Task to complete:
The listing below is to be copied exactly, with pictures excluded.

┏━━

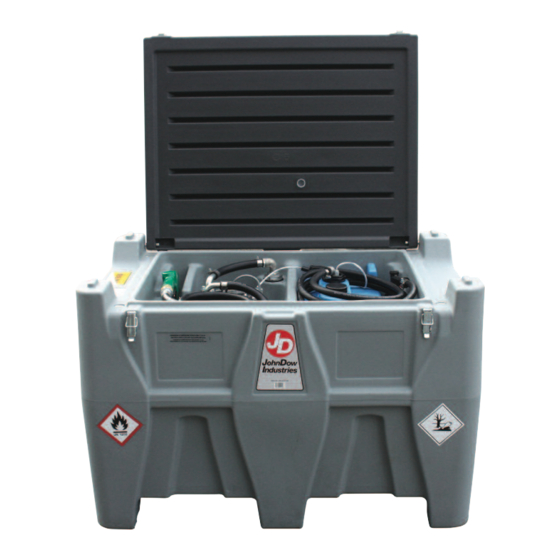 JohnDow Industries JDI-AFT106 Operator's Manual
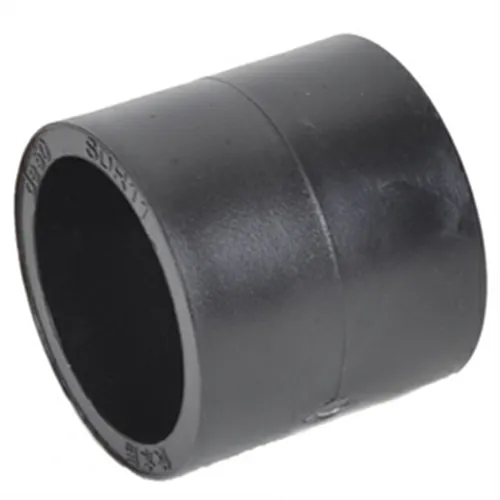 High Quality Water Supply SDR11 DIN Standard Plastic Plumbing Pipe Fitting HDPE Pipe End Cap and Fit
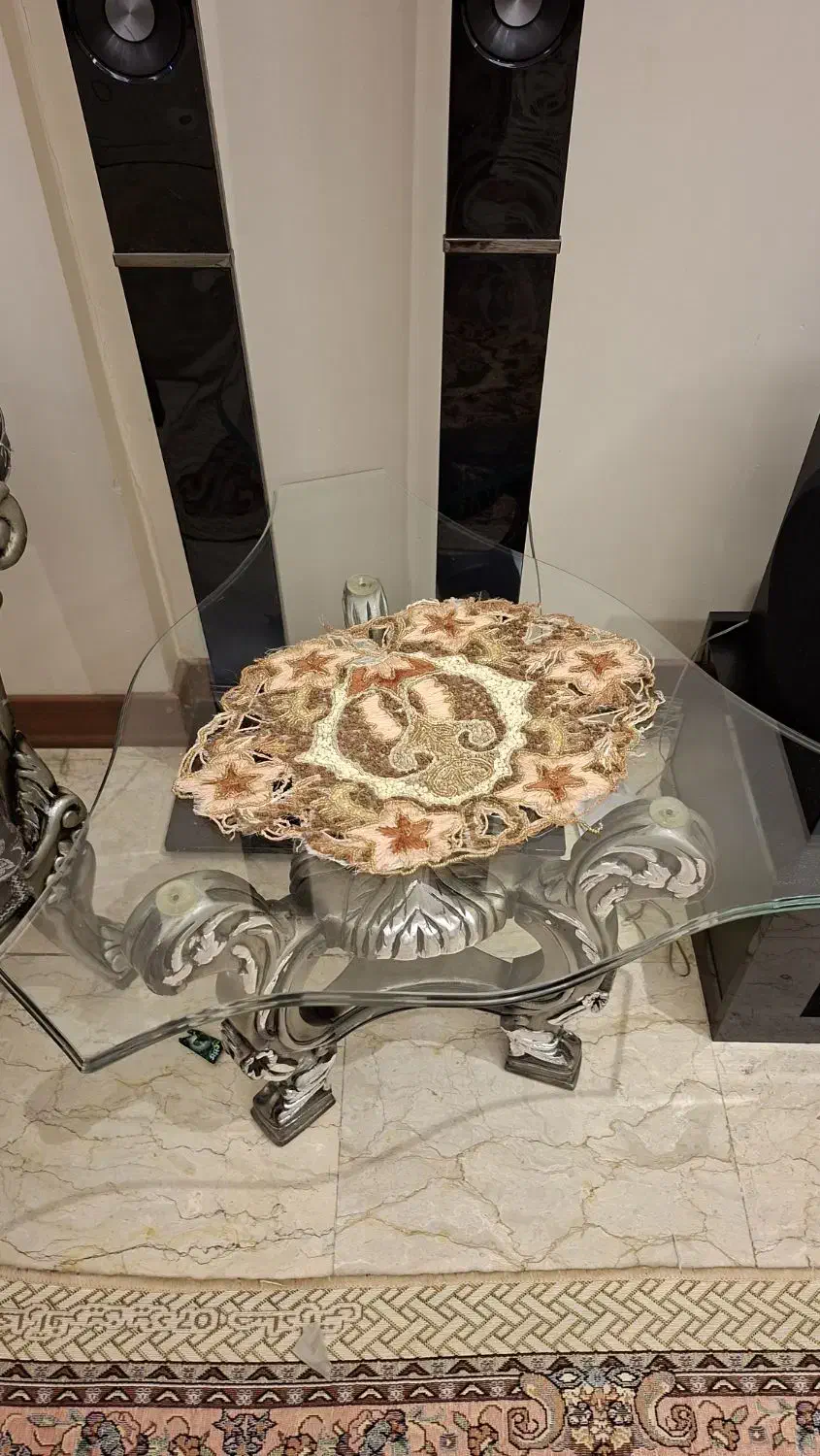 مبلمان به همراه بوفه چوب راش به شرطکارشناسبی|مبلمان خانگی و میز عسلی|تهران, نارمک جنوبی|دیوار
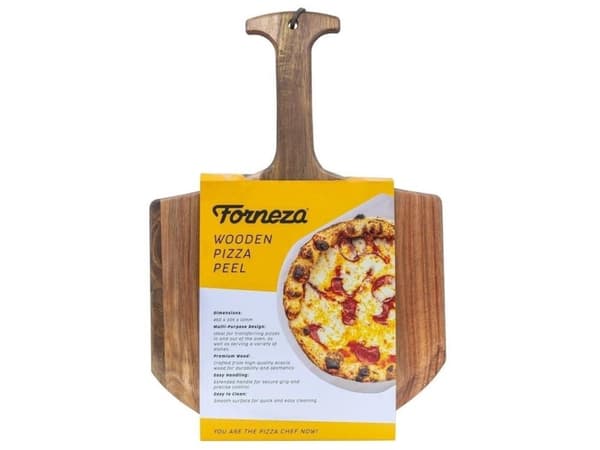 Forneza Pizzaslikk i tre - serveringsbrett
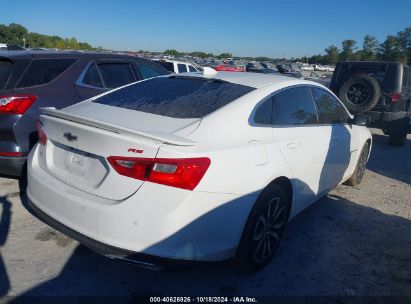 Lot #3037548253 2024 CHEVROLET MALIBU FWD RS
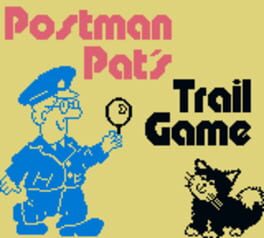 Cover Postman Pat's Trail Game
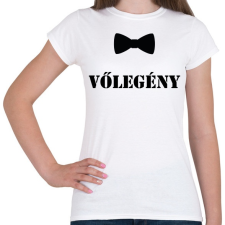 PRINTFASHION Vőlegény - Női póló - Fehér női póló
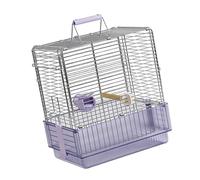 304 Stainless Steel Pet Cage Light Weight Rustproof Bird Cage with Safe for Easy Transport Small Bird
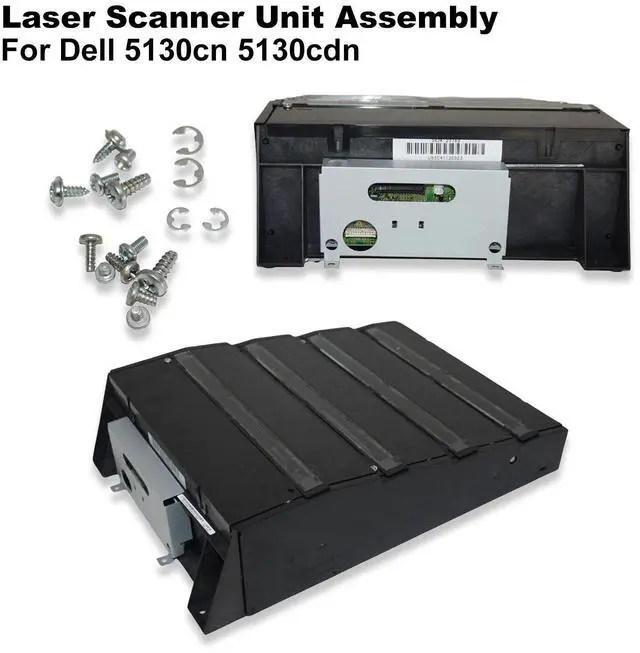 Alt view image 2 of 7 - Genuine Dell 5130cn 5130cdn Laser Scanner Unit Assembly C399T 0C399T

┗━━

Answer space:
 JohnDow Industries JDI-AFT106 Operator's Manual
 High Quality Water Supply SDR11 DIN Standard Plastic Plumbing Pipe Fitting HDPE Pipe End Cap and Fit
 مبلمان به همراه بوفه چوب راش به شرطکارشناسبی|مبلمان خانگی و میز عسلی|تهران, نارمک جنوبی|دیوار
 Forneza Pizzaslikk i tre - serveringsbrett
 Lot #3037548253 2024 CHEVROLET MALIBU FWD RS
 Cover Postman Pat's Trail Game
 PRINTFASHION Vőlegény - Női póló - Fehér női póló
 304 Stainless Steel Pet Cage Light Weight Rustproof Bird Cage with Safe for Easy Transport Small Bird
 Alt view image 2 of 7 - Genuine Dell 5130cn 5130cdn Laser Scanner Unit Assembly C399T 0C399T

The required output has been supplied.